» Records for processing
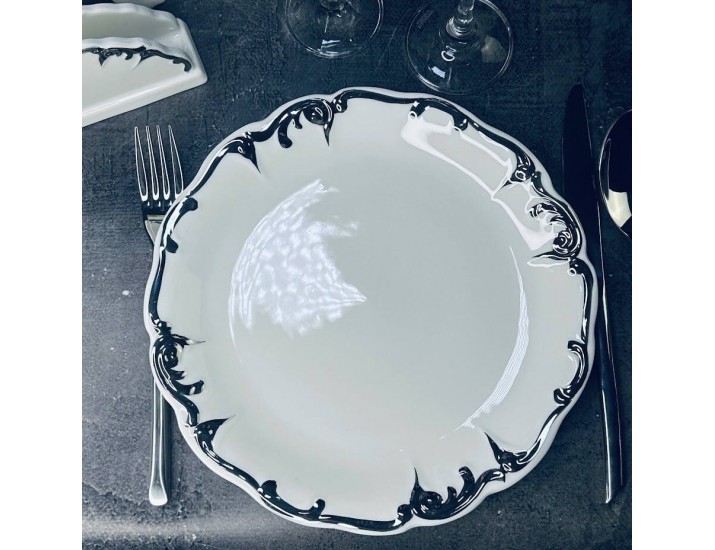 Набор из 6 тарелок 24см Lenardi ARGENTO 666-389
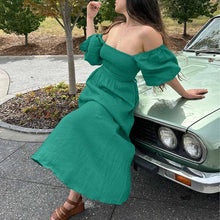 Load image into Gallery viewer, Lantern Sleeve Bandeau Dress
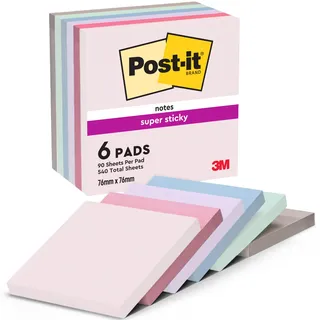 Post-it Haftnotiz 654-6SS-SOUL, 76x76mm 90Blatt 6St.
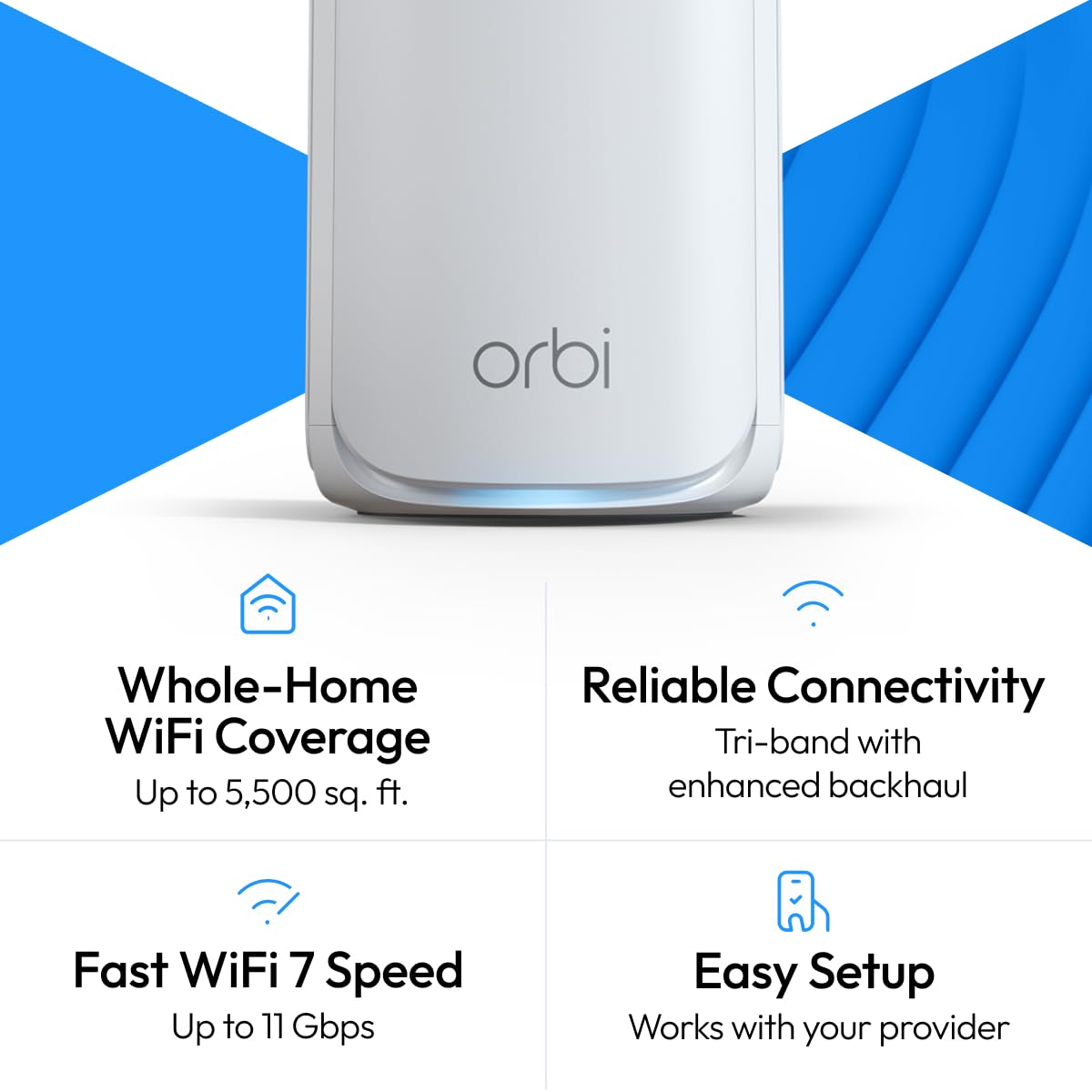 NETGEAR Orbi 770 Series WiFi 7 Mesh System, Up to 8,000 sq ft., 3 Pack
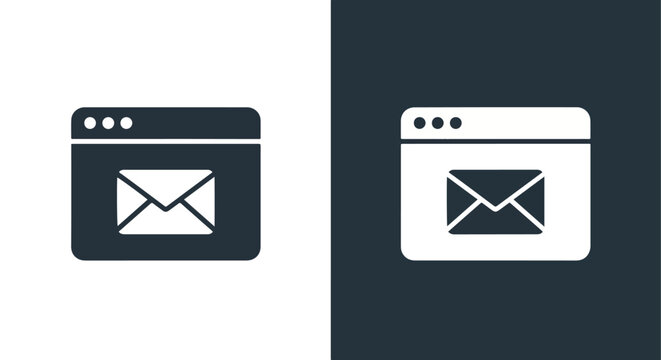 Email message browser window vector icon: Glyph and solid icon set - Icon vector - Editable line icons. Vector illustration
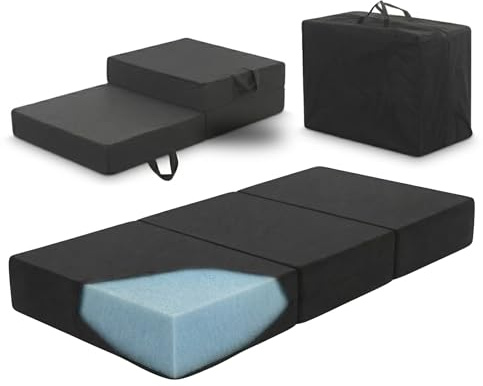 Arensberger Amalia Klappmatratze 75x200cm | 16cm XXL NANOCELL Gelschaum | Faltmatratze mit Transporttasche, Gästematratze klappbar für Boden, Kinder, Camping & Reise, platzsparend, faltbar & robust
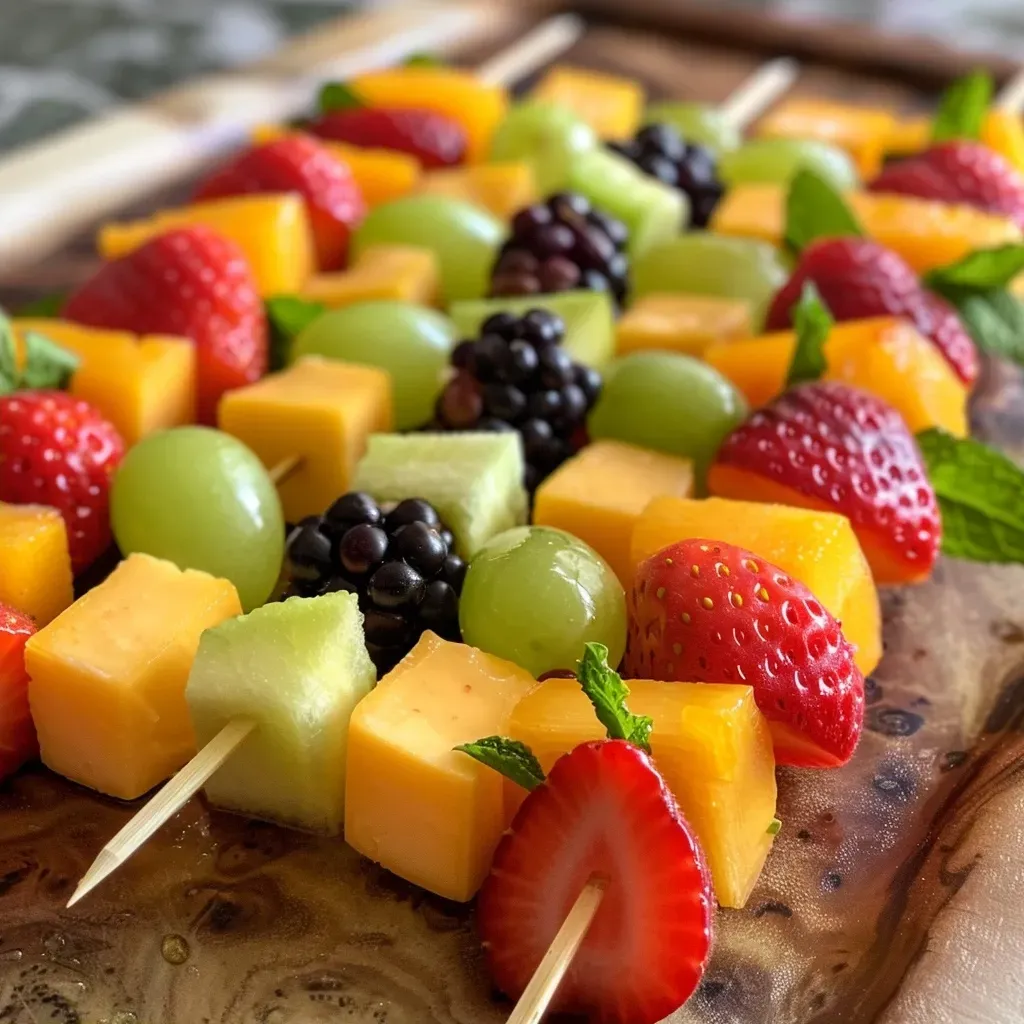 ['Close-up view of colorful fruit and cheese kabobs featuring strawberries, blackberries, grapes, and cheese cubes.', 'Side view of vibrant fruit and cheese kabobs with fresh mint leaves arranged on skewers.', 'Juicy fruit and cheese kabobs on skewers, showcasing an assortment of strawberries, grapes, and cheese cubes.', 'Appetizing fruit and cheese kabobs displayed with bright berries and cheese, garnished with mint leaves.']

» Assigned task
Exact copy, no images: rewrite the entire listing above.

» Result below
 Набор из 6 тарелок 24см Lenardi ARGENTO 666-389
 Load image into Gallery viewer, Lantern Sleeve Bandeau Dress
 Post-it Haftnotiz 654-6SS-SOUL, 76x76mm 90Blatt 6St.
 NETGEAR Orbi 770 Series WiFi 7 Mesh System, Up to 8,000 sq ft., 3 Pack
 Email message browser window vector icon: Glyph and solid icon set - Icon vector - Editable line icons. Vector illustration
 Arensberger Amalia Klappmatratze 75x200cm | 16cm XXL NANOCELL Gelschaum | Faltmatratze mit Transporttasche, Gästematratze klappbar für Boden, Kinder, Camping & Reise, platzsparend, faltbar & robust
 ['Close-up view of colorful fruit and cheese kabobs featuring strawberries, blackberries, grapes, and cheese cubes.', 'Side view of vibrant fruit and cheese kabobs with fresh mint leaves arranged on skewers.', 'Juicy fruit and cheese kabobs on skewers, showcasing an assortment of strawberries, grapes, and cheese cubes.', 'Appetizing fruit and cheese kabobs displayed with bright berries and cheese, garnished with mint leaves.']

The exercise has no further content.